On distingue deux types de tumeurs :

  • Le polype est une tumeur superficielle.
  • Le cancer est une tumeur dite « infiltrante », c’est-à-dire qu’elle atteint le muscle de la paroi vésicale.


Les urologues mesurent l’importance d’une tumeur selon son grade et son stade.

Plus la tumeur comporte de cellules anormales, plus le grade est élevé.

Le stade est déterminé par la profondeur de la tumeur dans la paroi de la vessie, son extension en dehors de celle-ci et la présence éventuelle de métastases atteignant des ganglions ou un autre organe distant.

Examens :

  • Examen cyto-bactériologique des urines (ECBU)
  • Echographie vésicale
  • Fibroscopie vésicale
  • Résection endoscopique par les voies naturelle

Traitements des tumeurs superficielles

Après l’ablation de la tumeur par les voies naturelles, si la tumeur est unique, on peut s’abstenir de tout traitement complémentaire.

Une surveillance régulière reste toutefois essentielle.

Mais, si le grade est élevé, s’il y a plusieurs tumeurs ou si le chorion (enveloppe extérieure du fœtus) est atteint, il faut entreprendre un traitement par instillation endo-vésicale.

Il agit sur sa paroi pour diminuer le risque de récidive, très fréquent.

Ces instillations se font lors de la consultation, généralement une fois par semaine pendant six semaines suivies d’un traitement tous les trois mois pendant en général deux ans. Ensuite, une surveillance annuelle est essentielle.

 

Traitements des tumeurs infiltrantes

La simple ablation de la tumeur « infiltrante » ou « profonde » par chirurgie endoscopique est insuffisante.

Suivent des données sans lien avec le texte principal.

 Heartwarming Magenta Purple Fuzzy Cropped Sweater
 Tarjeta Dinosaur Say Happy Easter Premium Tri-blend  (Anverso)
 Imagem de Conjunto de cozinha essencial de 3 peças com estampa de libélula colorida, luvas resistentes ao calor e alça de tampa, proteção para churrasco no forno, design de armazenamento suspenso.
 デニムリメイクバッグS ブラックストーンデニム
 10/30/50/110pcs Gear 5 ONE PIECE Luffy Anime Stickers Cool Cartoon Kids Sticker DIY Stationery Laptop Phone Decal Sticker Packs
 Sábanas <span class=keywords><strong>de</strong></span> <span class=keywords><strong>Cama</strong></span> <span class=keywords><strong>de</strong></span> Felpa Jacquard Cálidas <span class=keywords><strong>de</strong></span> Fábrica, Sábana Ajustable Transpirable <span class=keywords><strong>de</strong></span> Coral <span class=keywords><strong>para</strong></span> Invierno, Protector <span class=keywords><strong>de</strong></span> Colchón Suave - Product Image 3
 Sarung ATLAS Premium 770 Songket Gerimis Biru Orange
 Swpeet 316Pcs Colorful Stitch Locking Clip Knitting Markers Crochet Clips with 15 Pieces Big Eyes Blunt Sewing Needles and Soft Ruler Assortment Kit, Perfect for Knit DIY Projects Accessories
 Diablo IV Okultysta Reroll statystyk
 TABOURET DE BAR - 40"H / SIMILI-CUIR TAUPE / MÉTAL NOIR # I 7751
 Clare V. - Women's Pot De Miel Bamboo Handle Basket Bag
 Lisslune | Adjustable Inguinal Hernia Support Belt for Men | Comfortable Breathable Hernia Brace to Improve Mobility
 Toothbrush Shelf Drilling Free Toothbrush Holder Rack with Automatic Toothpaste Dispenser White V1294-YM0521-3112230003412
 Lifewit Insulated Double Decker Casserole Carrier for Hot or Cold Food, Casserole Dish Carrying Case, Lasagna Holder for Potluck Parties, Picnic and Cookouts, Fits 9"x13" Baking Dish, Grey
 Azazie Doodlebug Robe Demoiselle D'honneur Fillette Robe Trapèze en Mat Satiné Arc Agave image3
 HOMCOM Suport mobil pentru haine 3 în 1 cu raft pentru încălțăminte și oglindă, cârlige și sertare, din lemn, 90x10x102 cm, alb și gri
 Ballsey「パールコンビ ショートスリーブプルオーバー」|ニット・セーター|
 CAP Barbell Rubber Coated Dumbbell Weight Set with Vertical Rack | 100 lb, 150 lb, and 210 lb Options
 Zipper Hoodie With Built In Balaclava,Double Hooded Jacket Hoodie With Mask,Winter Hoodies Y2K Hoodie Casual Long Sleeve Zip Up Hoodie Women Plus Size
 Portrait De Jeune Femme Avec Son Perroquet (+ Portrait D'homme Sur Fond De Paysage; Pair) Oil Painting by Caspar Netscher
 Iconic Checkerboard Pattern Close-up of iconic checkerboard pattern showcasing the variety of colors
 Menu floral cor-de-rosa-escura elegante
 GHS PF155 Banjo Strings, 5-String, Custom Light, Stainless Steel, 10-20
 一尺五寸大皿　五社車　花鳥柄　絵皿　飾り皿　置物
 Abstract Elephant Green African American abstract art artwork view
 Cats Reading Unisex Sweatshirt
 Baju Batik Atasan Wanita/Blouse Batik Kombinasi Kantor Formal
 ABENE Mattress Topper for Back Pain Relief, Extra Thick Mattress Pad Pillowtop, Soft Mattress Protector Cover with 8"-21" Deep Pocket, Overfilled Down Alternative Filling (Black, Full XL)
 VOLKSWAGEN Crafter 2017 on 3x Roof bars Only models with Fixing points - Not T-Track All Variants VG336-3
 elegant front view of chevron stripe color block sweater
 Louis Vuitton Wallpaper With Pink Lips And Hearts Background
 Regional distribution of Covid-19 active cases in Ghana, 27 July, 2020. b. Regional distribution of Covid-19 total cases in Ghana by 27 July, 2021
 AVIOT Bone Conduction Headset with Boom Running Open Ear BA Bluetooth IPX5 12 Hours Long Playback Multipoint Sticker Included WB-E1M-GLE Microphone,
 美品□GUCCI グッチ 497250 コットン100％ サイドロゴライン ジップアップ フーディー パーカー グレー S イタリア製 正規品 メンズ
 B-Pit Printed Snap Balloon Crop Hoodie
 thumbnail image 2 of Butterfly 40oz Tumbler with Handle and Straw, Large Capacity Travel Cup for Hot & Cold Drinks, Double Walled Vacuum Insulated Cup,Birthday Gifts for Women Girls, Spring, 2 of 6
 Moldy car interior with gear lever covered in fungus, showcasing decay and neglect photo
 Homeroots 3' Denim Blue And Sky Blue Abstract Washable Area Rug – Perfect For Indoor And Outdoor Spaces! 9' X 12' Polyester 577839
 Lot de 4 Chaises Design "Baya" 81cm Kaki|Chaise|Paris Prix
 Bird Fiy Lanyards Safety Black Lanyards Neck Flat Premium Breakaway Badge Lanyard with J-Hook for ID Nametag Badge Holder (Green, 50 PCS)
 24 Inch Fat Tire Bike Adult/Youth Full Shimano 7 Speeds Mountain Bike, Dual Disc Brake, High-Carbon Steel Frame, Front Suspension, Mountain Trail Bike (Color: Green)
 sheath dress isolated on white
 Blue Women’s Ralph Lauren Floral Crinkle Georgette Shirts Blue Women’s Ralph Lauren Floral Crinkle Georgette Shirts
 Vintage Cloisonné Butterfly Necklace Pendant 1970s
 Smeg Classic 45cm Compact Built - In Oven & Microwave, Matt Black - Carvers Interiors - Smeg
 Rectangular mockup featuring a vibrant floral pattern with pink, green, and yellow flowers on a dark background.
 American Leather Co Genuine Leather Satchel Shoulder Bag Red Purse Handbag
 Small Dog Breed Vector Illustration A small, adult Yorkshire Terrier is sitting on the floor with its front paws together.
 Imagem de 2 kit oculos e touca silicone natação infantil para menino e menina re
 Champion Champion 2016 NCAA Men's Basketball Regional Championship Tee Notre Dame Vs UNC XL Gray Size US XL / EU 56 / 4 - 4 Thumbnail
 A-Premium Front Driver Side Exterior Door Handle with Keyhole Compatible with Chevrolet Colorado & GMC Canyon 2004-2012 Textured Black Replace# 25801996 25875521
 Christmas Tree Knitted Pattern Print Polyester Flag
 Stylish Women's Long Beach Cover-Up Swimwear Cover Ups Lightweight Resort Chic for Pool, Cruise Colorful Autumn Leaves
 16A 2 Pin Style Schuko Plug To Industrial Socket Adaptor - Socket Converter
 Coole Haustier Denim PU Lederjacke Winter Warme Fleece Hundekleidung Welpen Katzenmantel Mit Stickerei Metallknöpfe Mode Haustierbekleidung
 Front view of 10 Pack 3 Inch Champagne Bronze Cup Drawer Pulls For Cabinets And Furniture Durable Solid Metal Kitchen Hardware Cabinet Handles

Le traitement doit être nettement plus lourd : c’est l’ablation de la vessie (cystectomie).

Après cette ablation, il faut créer un nouveau circuit pour les urines. Il existe deux techniques :

  • La dérivation des urines dans le côlon :
    Elles sont évacuées par le rectum avec les matières. Il faut vérifier avant que le sphincter de l'anus assurant la fermeture du rectum est suffisamment tonique pour retenir des urines.

  • Le remplacement de la vessie par un segment d'intestin :
    Une technique très utilisée qui permet au patient de continuer à uriner par les voies naturelles. Habituellement possible chez l'homme, elle est rarement réalisable chez la femme en raison de la faible longueur de son urètre.


Cette chirurgie peut être suivie d’une radiothérapie et/ou une chimiothérapie.

La surveillance est assurée par une échographie et/ou une urographie intra-veineuse (radiographie de l'appareil urinaire avec injection d'un produit iodé) faites tous les deux ans en alternance.

On surveille aussi régulièrement le bon fonctionnement des reins.